• [EXERCISE REQUIREMENTS]: In the material below, list every line carrying the string "this".

• [SUPPLIED INFORMATION]:
────────────────────────────────────────

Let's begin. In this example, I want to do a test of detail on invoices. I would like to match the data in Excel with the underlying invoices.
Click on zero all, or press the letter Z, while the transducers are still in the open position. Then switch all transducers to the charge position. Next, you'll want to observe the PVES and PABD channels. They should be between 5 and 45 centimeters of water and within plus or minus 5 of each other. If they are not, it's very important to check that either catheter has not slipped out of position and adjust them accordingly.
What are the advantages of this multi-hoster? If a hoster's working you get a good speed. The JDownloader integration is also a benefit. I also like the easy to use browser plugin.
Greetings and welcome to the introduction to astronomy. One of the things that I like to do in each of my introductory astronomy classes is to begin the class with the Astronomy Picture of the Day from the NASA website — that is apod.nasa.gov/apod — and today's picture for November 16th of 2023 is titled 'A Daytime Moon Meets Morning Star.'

────────────────────────────────────────

• [SOLUTION]:
Let's begin. In this example, I want to do a test of detail on invoices. I would like to match the data in Excel with the underlying invoices.
What are the advantages of this multi-hoster? If a hoster's working you get a good speed. The JDownloader integration is also a benefit. I also like the easy to use browser plugin.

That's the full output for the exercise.